» Exercise
Reproduce the data exactly and drop any pictures it holds.

» Collected data
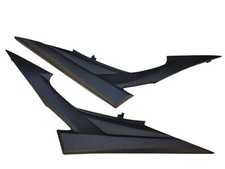 COPPIA FIANCHETTI SOTTO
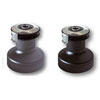 Lewmar EVO Self-Tailing Winch - Size 55
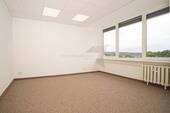 Büro 2.1 -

» Answer to this task
 COPPIA FIANCHETTI SOTTO
 Lewmar EVO Self-Tailing Winch - Size 55
 Büro 2.1 -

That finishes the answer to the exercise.